§ **ACTIVITY**: Please output the data below exactly as given, starting at its first line and stopping after the line that contains "Алмазный диск Makita B-28036".
*** SOURCE DATA ***
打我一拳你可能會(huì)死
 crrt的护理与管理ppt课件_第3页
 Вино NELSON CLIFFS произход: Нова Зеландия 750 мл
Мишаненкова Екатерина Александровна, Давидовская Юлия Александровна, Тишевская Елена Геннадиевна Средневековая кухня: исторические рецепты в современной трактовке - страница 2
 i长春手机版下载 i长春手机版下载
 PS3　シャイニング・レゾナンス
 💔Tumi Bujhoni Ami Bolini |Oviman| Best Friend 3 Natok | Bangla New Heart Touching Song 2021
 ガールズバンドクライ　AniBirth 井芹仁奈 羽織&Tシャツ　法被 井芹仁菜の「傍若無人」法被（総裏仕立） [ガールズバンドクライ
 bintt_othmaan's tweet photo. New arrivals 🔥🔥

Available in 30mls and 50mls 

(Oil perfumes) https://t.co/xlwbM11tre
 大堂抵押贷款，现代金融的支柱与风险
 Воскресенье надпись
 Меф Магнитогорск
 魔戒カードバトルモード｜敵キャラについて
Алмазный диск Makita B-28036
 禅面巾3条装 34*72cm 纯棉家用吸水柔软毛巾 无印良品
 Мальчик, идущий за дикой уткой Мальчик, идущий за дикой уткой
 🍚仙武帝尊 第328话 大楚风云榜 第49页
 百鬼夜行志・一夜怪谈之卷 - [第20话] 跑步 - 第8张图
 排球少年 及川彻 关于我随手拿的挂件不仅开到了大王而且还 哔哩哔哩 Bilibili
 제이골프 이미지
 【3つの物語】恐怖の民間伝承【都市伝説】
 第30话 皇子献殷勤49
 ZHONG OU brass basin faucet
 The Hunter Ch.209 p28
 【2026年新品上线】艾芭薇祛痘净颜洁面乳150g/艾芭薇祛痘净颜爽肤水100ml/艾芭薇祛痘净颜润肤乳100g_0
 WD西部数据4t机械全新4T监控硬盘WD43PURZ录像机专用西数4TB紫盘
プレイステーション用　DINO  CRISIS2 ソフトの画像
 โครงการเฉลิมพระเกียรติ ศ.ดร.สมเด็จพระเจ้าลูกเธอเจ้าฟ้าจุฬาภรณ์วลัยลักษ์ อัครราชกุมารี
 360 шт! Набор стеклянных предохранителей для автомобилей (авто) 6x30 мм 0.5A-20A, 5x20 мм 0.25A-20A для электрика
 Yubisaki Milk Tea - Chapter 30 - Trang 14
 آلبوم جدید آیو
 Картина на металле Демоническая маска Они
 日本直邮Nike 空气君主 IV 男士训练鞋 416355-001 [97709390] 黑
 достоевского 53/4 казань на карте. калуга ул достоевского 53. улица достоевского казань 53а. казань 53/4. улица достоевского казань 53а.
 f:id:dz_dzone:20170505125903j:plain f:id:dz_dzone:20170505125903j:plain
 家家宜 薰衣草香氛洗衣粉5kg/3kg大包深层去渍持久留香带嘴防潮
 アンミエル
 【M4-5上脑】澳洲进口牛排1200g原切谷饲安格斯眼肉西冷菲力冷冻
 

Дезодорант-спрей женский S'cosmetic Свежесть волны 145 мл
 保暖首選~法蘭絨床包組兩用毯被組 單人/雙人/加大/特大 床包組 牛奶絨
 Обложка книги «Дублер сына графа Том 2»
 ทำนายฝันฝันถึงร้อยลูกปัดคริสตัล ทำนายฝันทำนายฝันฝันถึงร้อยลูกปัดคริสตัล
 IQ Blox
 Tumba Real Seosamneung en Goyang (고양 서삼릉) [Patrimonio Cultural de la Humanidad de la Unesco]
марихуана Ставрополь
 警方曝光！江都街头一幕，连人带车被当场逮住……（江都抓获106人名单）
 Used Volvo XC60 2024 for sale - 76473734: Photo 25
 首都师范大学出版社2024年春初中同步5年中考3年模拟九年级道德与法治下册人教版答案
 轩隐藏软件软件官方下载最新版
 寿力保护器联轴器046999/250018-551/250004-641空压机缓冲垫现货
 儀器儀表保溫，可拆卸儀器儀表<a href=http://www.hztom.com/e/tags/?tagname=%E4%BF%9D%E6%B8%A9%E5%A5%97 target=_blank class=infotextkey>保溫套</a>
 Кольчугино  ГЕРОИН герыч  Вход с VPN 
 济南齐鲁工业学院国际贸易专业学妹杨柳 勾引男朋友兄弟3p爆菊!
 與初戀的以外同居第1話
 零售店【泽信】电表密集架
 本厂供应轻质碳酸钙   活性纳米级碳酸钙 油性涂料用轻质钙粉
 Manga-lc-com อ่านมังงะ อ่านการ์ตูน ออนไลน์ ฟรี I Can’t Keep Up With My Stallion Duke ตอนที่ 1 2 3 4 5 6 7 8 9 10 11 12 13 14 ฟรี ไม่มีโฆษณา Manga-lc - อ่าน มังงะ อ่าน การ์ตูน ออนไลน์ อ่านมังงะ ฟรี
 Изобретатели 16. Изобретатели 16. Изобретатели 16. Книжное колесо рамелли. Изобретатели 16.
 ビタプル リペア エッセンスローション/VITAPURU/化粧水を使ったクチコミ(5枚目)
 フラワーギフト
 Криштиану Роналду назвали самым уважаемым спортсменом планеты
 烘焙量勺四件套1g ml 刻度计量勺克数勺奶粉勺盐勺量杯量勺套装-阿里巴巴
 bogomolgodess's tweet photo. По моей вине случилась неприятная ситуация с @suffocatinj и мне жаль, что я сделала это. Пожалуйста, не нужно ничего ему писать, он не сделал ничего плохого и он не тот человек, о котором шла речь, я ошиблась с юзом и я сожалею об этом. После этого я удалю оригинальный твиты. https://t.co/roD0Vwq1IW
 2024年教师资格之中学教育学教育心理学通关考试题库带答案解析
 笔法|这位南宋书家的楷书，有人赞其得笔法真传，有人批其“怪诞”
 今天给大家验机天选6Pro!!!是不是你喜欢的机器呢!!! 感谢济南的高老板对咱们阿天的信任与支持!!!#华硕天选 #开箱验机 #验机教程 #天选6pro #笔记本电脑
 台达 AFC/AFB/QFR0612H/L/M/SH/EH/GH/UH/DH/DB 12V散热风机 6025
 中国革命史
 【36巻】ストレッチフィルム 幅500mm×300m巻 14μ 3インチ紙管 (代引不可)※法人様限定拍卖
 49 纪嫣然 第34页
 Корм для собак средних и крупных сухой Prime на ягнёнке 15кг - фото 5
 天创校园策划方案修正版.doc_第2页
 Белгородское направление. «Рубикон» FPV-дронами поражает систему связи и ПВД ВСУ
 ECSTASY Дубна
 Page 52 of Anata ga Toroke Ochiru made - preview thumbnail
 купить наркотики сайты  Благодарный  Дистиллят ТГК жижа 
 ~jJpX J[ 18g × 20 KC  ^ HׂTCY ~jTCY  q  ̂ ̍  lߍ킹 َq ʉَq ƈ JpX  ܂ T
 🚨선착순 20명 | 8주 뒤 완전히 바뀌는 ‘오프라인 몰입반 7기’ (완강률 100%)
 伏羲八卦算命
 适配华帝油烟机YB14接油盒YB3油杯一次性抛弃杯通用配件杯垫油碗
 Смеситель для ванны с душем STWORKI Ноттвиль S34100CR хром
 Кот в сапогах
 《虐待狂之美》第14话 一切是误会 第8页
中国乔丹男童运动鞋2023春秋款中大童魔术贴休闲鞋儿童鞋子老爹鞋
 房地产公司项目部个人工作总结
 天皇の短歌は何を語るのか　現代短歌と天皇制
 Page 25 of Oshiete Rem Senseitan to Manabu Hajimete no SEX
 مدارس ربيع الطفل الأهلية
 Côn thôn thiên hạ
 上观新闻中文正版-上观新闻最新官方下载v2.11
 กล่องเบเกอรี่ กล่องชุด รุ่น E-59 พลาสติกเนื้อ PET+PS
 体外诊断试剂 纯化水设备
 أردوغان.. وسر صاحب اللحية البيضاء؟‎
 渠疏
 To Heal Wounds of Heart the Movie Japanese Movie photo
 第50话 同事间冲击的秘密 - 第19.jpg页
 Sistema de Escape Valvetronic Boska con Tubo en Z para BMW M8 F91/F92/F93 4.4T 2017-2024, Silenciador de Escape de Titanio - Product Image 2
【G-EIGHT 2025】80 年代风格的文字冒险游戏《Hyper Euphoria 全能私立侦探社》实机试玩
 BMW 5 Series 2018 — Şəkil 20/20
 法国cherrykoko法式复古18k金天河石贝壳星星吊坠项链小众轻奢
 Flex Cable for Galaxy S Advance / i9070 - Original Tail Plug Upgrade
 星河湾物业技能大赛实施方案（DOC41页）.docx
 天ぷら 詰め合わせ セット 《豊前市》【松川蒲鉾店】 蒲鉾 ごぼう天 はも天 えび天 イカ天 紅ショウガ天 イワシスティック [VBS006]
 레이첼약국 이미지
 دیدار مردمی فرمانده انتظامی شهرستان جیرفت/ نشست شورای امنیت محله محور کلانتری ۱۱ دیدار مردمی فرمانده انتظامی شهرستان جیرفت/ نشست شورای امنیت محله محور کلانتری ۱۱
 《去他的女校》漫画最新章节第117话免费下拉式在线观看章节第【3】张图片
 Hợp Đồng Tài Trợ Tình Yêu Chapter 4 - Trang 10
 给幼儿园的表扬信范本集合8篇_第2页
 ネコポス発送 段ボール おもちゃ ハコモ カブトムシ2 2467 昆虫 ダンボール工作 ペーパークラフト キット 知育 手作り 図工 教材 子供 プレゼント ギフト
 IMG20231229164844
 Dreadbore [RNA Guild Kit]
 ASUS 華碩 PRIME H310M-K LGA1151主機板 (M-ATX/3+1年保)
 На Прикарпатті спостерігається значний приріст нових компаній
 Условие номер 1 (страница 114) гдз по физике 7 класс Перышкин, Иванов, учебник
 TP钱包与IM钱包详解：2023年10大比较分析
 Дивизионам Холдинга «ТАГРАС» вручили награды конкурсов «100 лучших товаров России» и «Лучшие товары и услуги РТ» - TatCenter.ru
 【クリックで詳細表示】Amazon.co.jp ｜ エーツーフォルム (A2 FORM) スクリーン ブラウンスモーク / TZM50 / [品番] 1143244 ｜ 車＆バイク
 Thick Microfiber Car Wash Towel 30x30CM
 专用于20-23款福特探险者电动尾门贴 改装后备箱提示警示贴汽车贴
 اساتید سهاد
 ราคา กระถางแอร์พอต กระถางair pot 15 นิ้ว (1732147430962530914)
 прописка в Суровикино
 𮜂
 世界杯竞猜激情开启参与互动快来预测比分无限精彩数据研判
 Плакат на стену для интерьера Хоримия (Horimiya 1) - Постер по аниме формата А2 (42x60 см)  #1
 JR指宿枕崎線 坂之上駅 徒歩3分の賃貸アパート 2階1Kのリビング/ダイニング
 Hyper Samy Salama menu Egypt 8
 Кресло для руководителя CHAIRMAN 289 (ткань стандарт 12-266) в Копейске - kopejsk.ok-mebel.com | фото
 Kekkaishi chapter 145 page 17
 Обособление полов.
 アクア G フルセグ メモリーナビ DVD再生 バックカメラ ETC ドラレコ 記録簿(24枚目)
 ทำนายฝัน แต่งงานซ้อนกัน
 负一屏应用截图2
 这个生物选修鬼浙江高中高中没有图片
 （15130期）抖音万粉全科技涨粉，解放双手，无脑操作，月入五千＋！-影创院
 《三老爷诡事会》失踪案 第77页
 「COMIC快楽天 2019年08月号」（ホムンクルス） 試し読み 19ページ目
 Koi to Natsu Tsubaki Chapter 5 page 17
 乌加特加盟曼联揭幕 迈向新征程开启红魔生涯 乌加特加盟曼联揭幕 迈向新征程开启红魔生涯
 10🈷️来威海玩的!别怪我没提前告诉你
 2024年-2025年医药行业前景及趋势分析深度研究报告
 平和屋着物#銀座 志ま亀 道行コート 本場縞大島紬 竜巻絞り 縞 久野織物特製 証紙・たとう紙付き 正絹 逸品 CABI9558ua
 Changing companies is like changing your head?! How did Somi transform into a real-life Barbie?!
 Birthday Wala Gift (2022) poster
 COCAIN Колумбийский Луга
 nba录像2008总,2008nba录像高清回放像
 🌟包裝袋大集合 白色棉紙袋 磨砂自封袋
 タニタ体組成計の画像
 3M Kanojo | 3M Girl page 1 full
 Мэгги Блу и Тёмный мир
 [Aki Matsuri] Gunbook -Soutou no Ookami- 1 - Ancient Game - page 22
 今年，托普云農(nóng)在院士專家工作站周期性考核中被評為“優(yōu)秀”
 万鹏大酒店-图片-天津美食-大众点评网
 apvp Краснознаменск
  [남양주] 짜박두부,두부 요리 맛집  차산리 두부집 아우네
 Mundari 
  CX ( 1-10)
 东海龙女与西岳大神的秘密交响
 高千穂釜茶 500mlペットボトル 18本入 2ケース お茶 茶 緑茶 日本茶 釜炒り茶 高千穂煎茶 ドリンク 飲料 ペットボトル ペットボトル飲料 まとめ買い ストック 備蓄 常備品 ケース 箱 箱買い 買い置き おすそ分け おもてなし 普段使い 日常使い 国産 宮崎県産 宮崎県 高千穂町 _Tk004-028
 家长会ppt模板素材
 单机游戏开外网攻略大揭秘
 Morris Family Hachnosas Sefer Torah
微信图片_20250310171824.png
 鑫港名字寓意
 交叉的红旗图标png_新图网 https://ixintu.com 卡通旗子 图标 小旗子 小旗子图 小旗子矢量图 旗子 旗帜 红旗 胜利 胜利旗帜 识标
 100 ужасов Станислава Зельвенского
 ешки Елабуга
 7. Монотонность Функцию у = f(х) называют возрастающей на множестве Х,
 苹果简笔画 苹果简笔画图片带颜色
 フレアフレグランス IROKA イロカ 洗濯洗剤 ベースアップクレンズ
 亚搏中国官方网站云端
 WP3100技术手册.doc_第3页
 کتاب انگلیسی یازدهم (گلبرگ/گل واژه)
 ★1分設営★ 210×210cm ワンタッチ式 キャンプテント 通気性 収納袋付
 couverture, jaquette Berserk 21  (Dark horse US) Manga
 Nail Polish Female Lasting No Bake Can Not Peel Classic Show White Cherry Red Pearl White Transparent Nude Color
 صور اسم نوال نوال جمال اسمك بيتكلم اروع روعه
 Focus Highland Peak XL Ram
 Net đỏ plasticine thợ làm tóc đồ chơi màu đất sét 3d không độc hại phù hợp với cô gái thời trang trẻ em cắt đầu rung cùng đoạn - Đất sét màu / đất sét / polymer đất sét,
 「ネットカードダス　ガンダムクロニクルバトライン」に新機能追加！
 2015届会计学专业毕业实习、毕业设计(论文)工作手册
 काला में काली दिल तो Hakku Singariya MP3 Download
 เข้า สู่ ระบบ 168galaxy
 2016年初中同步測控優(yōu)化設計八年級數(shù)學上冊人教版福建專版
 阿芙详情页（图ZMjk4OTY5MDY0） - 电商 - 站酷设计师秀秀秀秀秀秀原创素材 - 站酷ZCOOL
***
§ **EXERCISE RESULT**:
打我一拳你可能會(huì)死
 crrt的护理与管理ppt课件_第3页
 Вино NELSON CLIFFS произход: Нова Зеландия 750 мл
Мишаненкова Екатерина Александровна, Давидовская Юлия Александровна, Тишевская Елена Геннадиевна Средневековая кухня: исторические рецепты в современной трактовке - страница 2
 i长春手机版下载 i长春手机版下载
 PS3　シャイニング・レゾナンス
 💔Tumi Bujhoni Ami Bolini |Oviman| Best Friend 3 Natok | Bangla New Heart Touching Song 2021
 ガールズバンドクライ　AniBirth 井芹仁奈 羽織&Tシャツ　法被 井芹仁菜の「傍若無人」法被（総裏仕立） [ガールズバンドクライ
 bintt_othmaan's tweet photo. New arrivals 🔥🔥

Available in 30mls and 50mls 

(Oil perfumes) https://t.co/xlwbM11tre
 大堂抵押贷款，现代金融的支柱与风险
 Воскресенье надпись
 Меф Магнитогорск
 魔戒カードバトルモード｜敵キャラについて
Алмазный диск Makita B-28036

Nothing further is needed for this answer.